* **About this task**
The response should be the records below, repeated exactly, with each picture left out.
○ ○ ○ ○
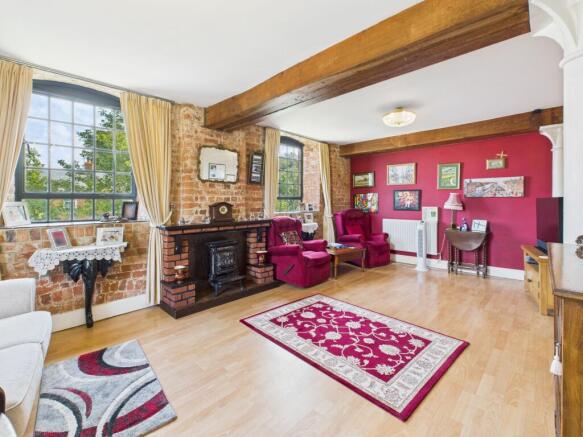Sitting/Dining Room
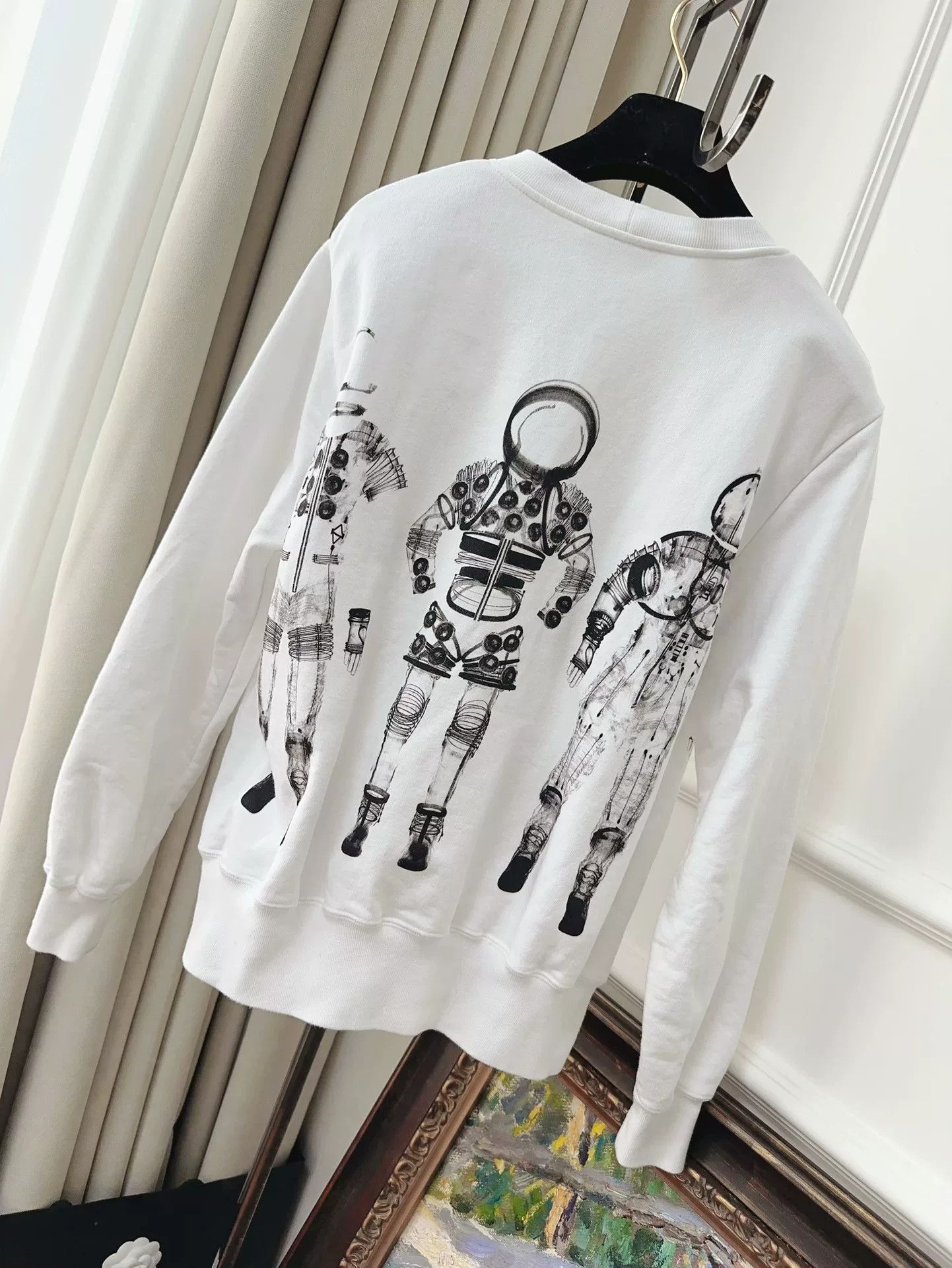Chanel chanel astronaut graphic white sweatshirt Size US S / EU 44-46 / 1 - 2 Thumbnail
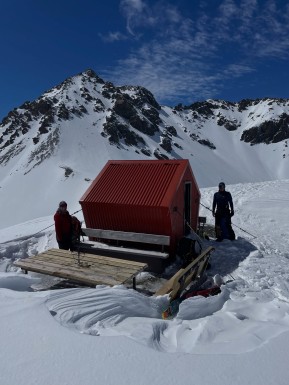 We’ve had some wild weather recently. When the Symphony on Skis Traverse wasn’t on the cards, we headed east for a Cass Valley “Haute Route” instead — it turned out to be an excellent plan B.
Hut-to-hut from O’Leary’s to Falcon’s Nest to Lady Emily, with plenty of extra laps along the way.
We battled the winds, scored wind-drifted powder and spring corn, and somehow clocked even more vertical than the plan A route.
Not quite the Symphony — but a pretty good remix. 🎿❄️
#SkiTouring #BackcountrySkiing #SkiMountaineering #EarnYourTurns #SkiUphill #NZMountains #SouthernAlps #CassValley #HauteRoute #SymphonyOnSkis #SpringSkiing #PowderAndCorn #OLearysHut #FalconsNestHut #LadyEmilyHut #AlpineRecreation #MackenzieNZ #ChasingLines #TekapoAdventures #NZMGA #WeAreIFMGA #GuideLife - We’ve had some wild weather recently. 4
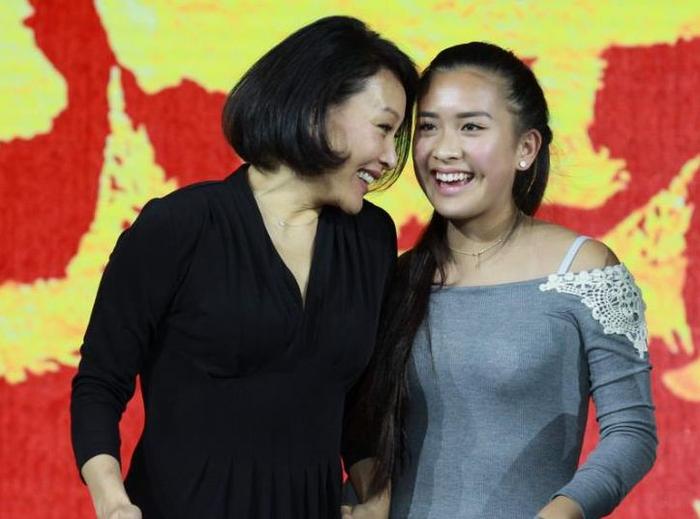 58岁陈冲美出天际！坦白第一婚是瞎结婚 担心女儿太天真易被骗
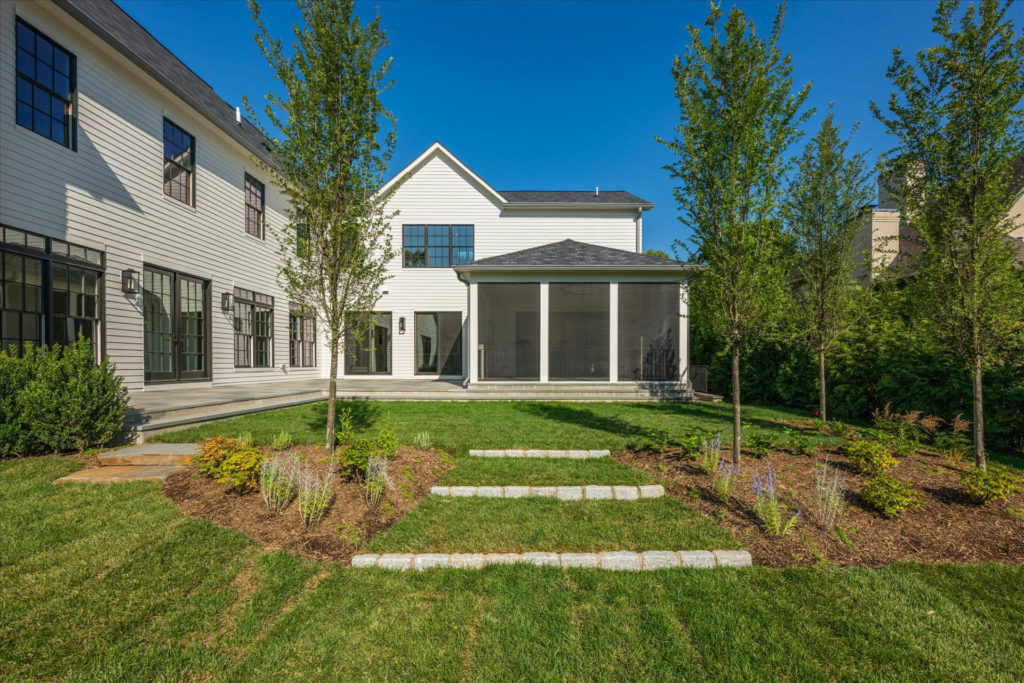 Clearview Manor 5 mcelan va brush arbor home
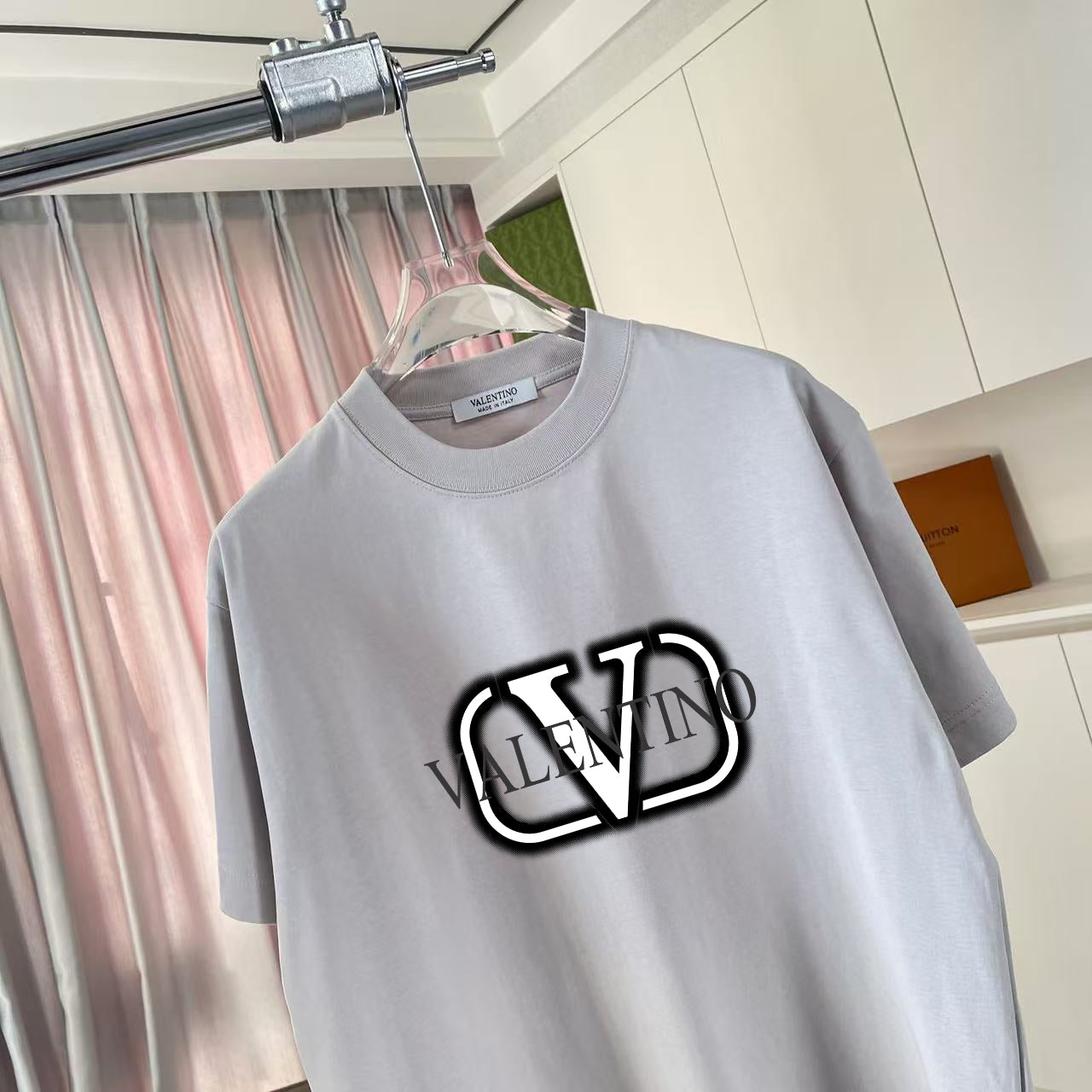 LuxluxHouse Best Quality Clothes Valentino T-shirt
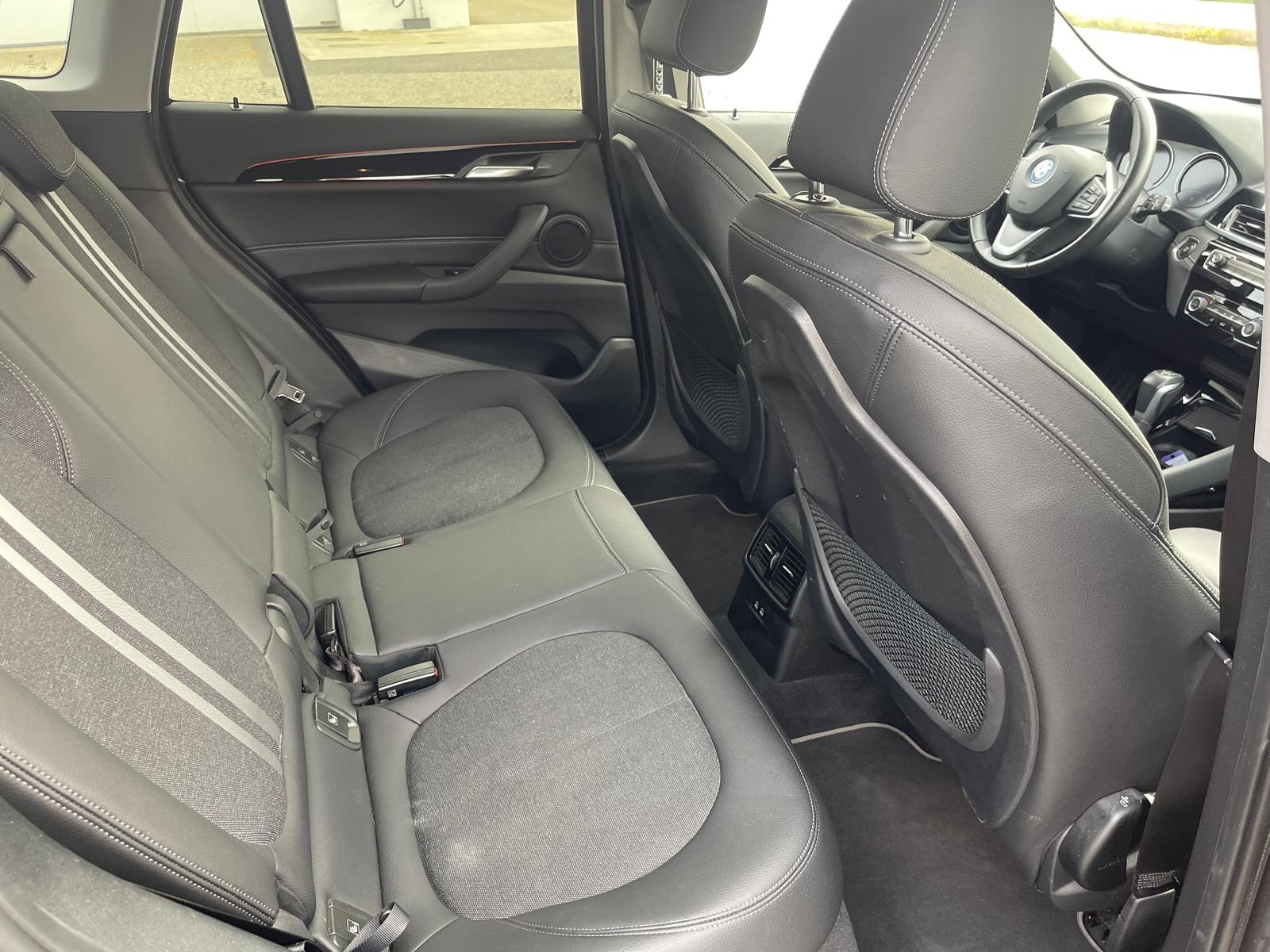 BMW X1 xDrive 25e Sport Line Steptronic-image-9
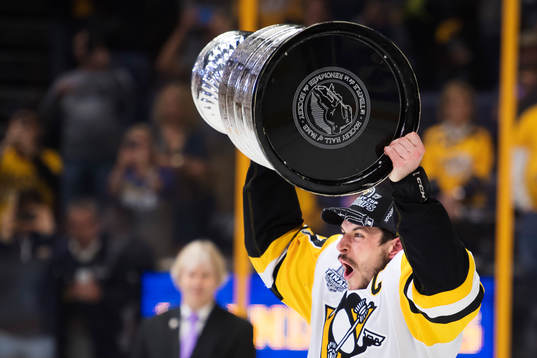 Pittsburghs Sidney Crosby jublar med Stanley Cup-pokalen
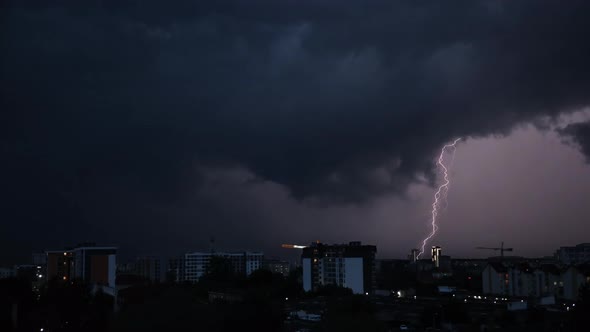 Lightning City in Light alt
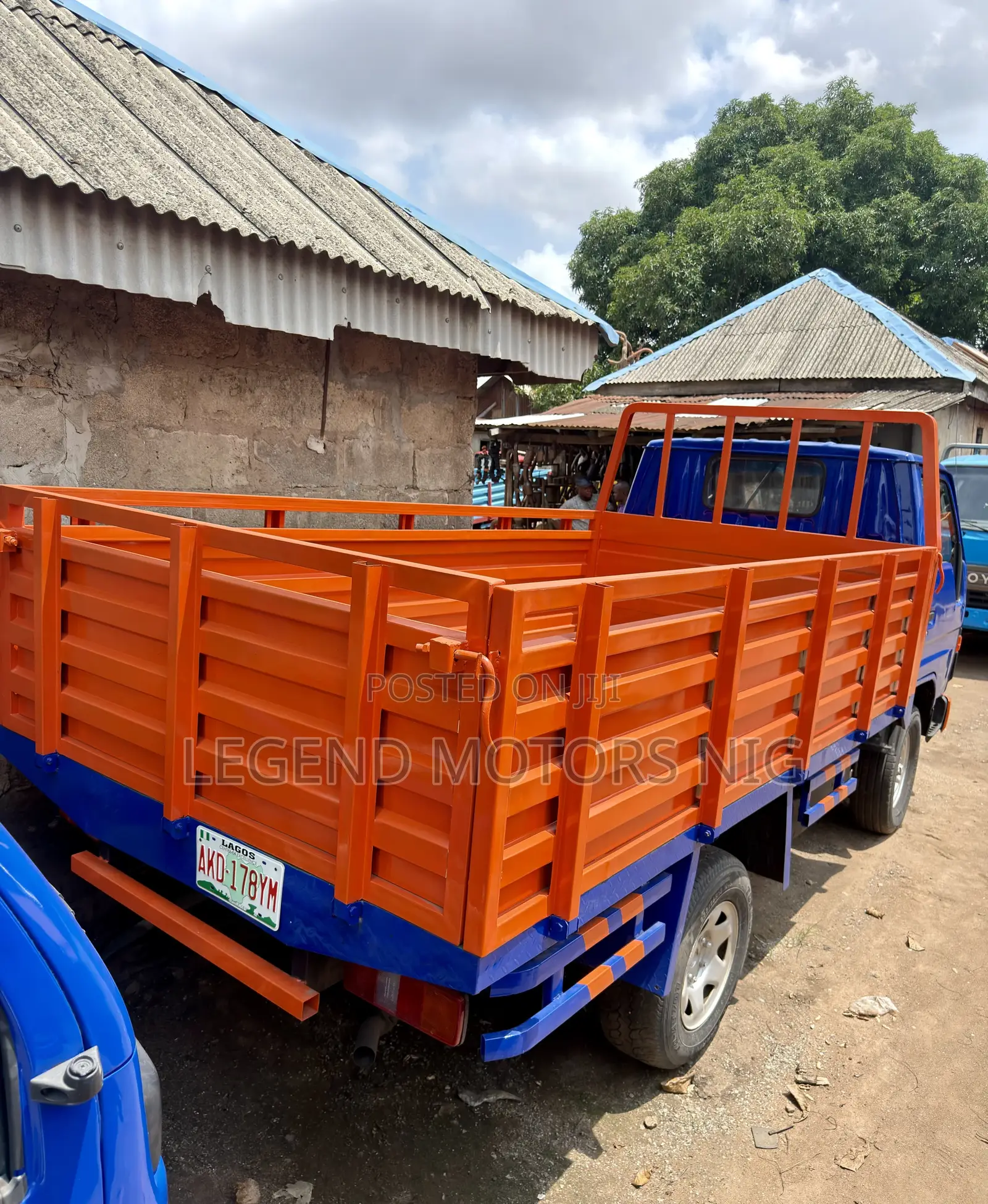 Toyota Dyna 150 Converted to Normal Hand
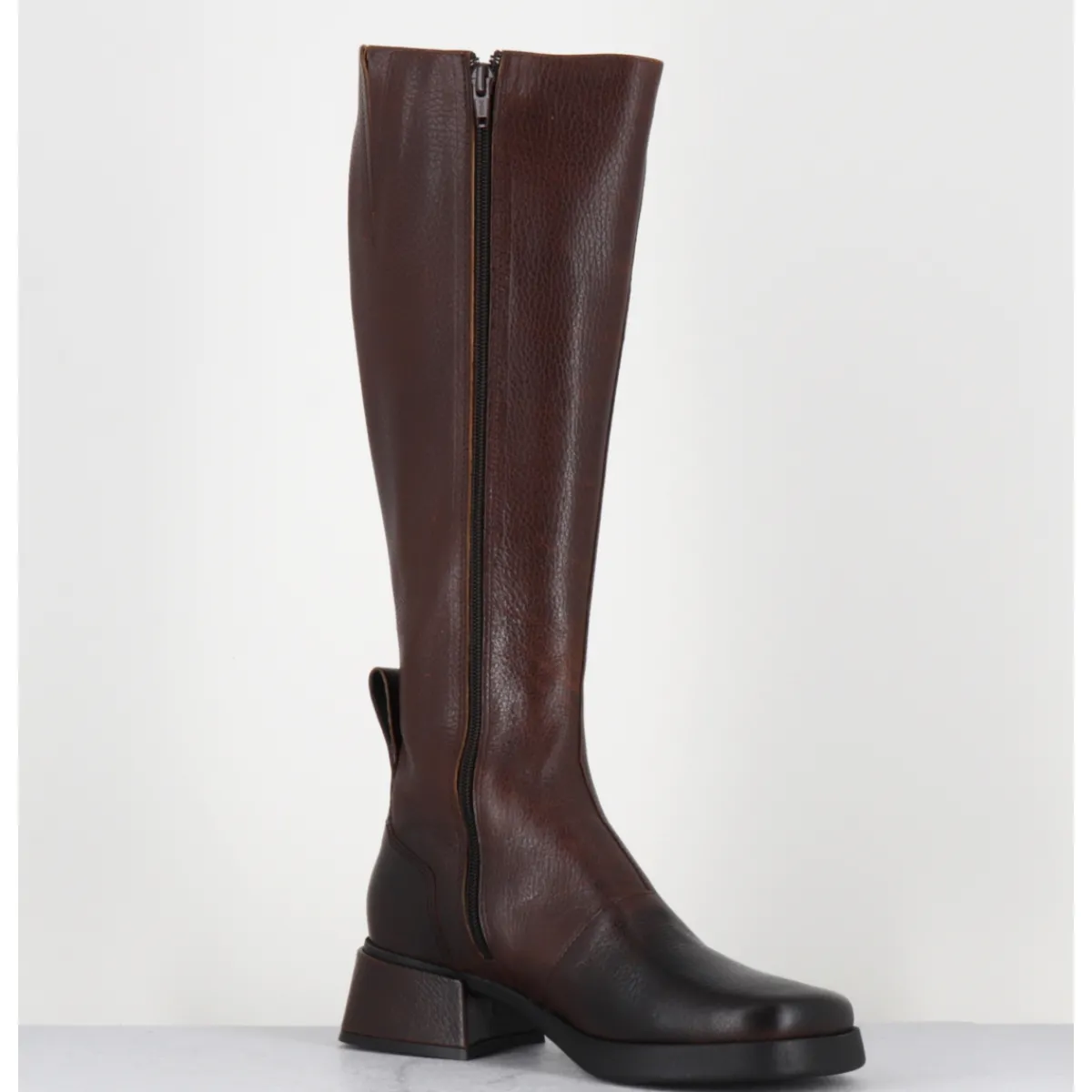 Bottes^E8 BY MIISTA Bottes en cuir brossé bout carré petit talon - BRUNILHDA BROWN TALL MARRON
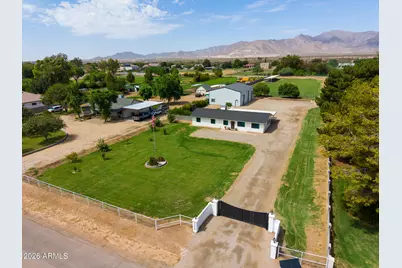 7350 N 185th Avenue, Waddell, AZ 85355 - Photo 1
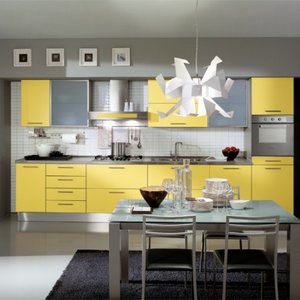 Jakie towarzystwo lubi kolor szary?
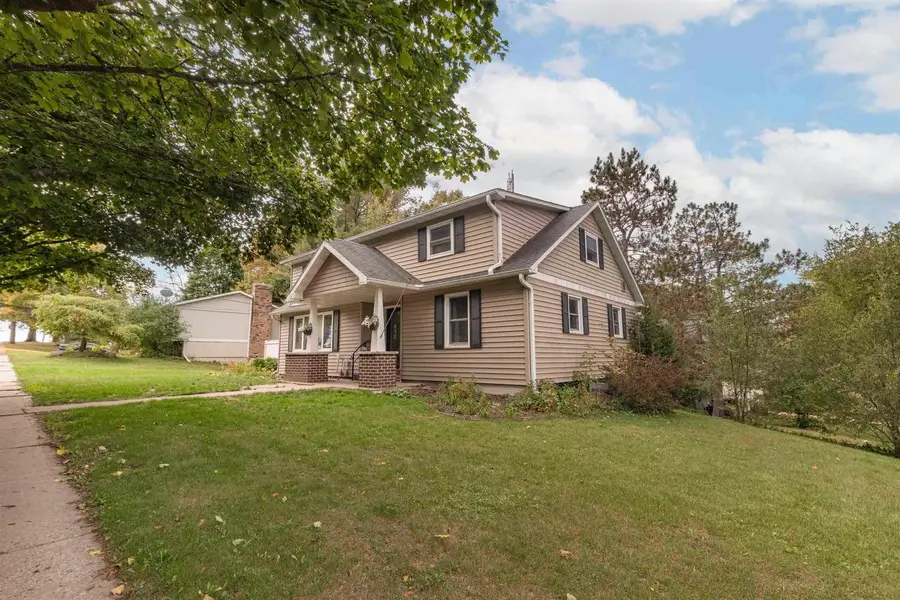 727 Myrtle Street, Reedsburg, WI 53959 - #2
○ ○ ○ ○
* **The answer**
Sitting/Dining Room
Chanel chanel astronaut graphic white sweatshirt Size US S / EU 44-46 / 1 - 2 Thumbnail
 We’ve had some wild weather recently. When the Symphony on Skis Traverse wasn’t on the cards, we headed east for a Cass Valley “Haute Route” instead — it turned out to be an excellent plan B.
Hut-to-hut from O’Leary’s to Falcon’s Nest to Lady Emily, with plenty of extra laps along the way.
We battled the winds, scored wind-drifted powder and spring corn, and somehow clocked even more vertical than the plan A route.
Not quite the Symphony — but a pretty good remix. 🎿❄️
#SkiTouring #BackcountrySkiing #SkiMountaineering #EarnYourTurns #SkiUphill #NZMountains #SouthernAlps #CassValley #HauteRoute #SymphonyOnSkis #SpringSkiing #PowderAndCorn #OLearysHut #FalconsNestHut #LadyEmilyHut #AlpineRecreation #MackenzieNZ #ChasingLines #TekapoAdventures #NZMGA #WeAreIFMGA #GuideLife - We’ve had some wild weather recently. 4
 58岁陈冲美出天际！坦白第一婚是瞎结婚 担心女儿太天真易被骗
 Clearview Manor 5 mcelan va brush arbor home
 LuxluxHouse Best Quality Clothes Valentino T-shirt
 BMW X1 xDrive 25e Sport Line Steptronic-image-9
 Pittsburghs Sidney Crosby jublar med Stanley Cup-pokalen
 Lightning City in Light alt
 Toyota Dyna 150 Converted to Normal Hand
 Bottes^E8 BY MIISTA Bottes en cuir brossé bout carré petit talon - BRUNILHDA BROWN TALL MARRON
 7350 N 185th Avenue, Waddell, AZ 85355 - Photo 1
 Jakie towarzystwo lubi kolor szary?
 727 Myrtle Street, Reedsburg, WI 53959 - #2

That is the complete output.